Socrates rejects Meno’s paradox by appealing to a traditional religious‑philosophical doctrine: the soul is immortal, repeatedly reborn, has seen and learned all things, and what we call learning is in fact recollection (anamnesis) of this prior knowledge.
Key Arguments
- Socrates claims to have heard from “priests and priestesses” and inspired poets like Pindar that “the soul of man is immortal, and at one time has an end, which is termed dying, and at another time is born again, but is never destroyed.”
- He explains that, having been “born again many times, and having seen all things that exist, whether in this world or in the world below, [the soul] has knowledge of them all.”
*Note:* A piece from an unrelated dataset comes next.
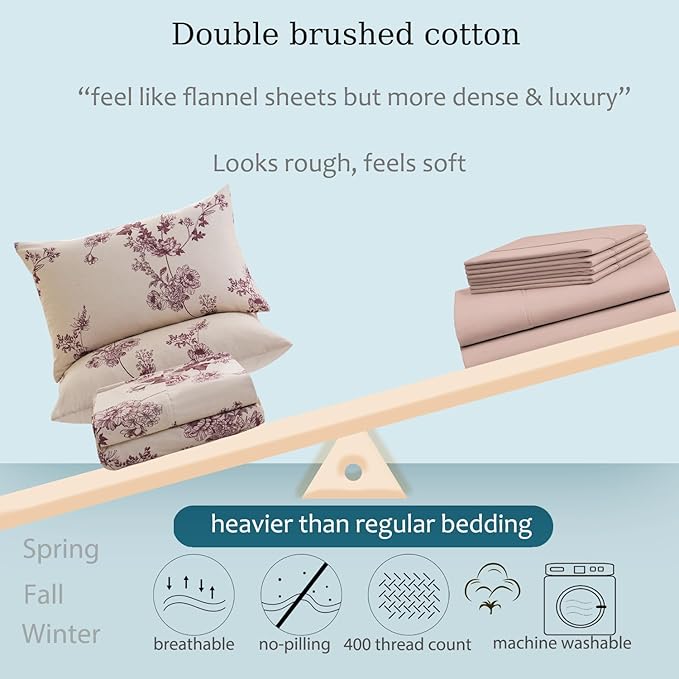 Zusbest Queen Sheet Set 100% Percale Cotton Red Floral Bed Sheet Set, Brushed for Extra Softness, Luxury Toile Flannel Like Sheets Shabby Vintage Flower Print Deep Pocket Sheets 17.5'' 4 Pcs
- Given that “all nature is akin, and the soul has learned all things,” he argues there is “no difficulty in her eliciting or as men say learning, out of a single recollection all the rest, if a man is strenuous and does not faint.”
- On this basis he asserts the thesis: “all enquiry and all learning is but recollection,” thereby dissolving the paradox’s assumption that inquiry proceeds from complete ignorance.
- He explicitly opposes the paradox as a “sophistical argument about the impossibility of enquiry” which “will make us idle; and is sweet only to the sluggard,” whereas the recollection doctrine “will make us active and inquisitive.”
- He adds a moral “moral”: because the soul is immortal and faces recompense—Persephone “sends the souls of those from whom she has received the penalty of ancient crime back again”—“a man ought to live always in perfect holiness,” linking the epistemological view to ethical exhortation.
Source Quotes
SOCRATES: Some of them were priests and priestesses, who had studied how they might be able to give a reason of their profession: there have been poets also, who spoke of these things by inspiration, like Pindar, and many others who were inspired. And they say—mark, now, and see whether their words are true—they say that the soul of man is immortal, and at one time has an end, which is termed dying, and at another time is born again, but is never destroyed. And the moral is, that a man ought to live always in perfect holiness.
'For in the ninth year Persephone sends the souls of those from whom she has received the penalty of ancient crime back again from beneath into the light of the sun above, and these are they who become noble kings and mighty men and great in wisdom and are called saintly heroes in after ages.' The soul, then, as being immortal, and having been born again many times, and having seen all things that exist, whether in this world or in the world below, has knowledge of them all; and it is no wonder that she should be able to call to remembrance all that she ever knew about virtue, and about everything; for as all nature is akin, and the soul has learned all things; there is no difficulty in her eliciting or as men say learning, out of a single recollection all the rest, if a man is strenuous and does not faint; for all enquiry and all learning is but recollection. And therefore we ought not to listen to this sophistical argument about the impossibility of enquiry: for it will make us idle; and is sweet only to the sluggard; but the other saying will make us active and inquisitive.
The soul, then, as being immortal, and having been born again many times, and having seen all things that exist, whether in this world or in the world below, has knowledge of them all; and it is no wonder that she should be able to call to remembrance all that she ever knew about virtue, and about everything; for as all nature is akin, and the soul has learned all things; there is no difficulty in her eliciting or as men say learning, out of a single recollection all the rest, if a man is strenuous and does not faint; for all enquiry and all learning is but recollection. And therefore we ought not to listen to this sophistical argument about the impossibility of enquiry: for it will make us idle; and is sweet only to the sluggard; but the other saying will make us active and inquisitive. In that confiding, I will gladly enquire with you into the nature of virtue.
Key Concepts
- they say that the soul of man is immortal, and at one time has an end, which is termed dying, and at another time is born again, but is never destroyed.
- The soul, then, as being immortal, and having been born again many times, and having seen all things that exist, whether in this world or in the world below, has knowledge of them all;
- for as all nature is akin, and the soul has learned all things; there is no difficulty in her eliciting or as men say learning, out of a single recollection all the rest, if a man is strenuous and does not faint;
- for all enquiry and all learning is but recollection.
- we ought not to listen to this sophistical argument about the impossibility of enquiry: for it will make us idle; and is sweet only to the sluggard; but the other saying will make us active and inquisitive.
Context
Responding directly to Meno’s paradox, Socrates introduces the immortality and reincarnation of the soul and the theory of recollection as a way to show that inquiry is possible and morally significant; this marks a transition from purely elenctic discussion to a more constructive metaphysical doctrine.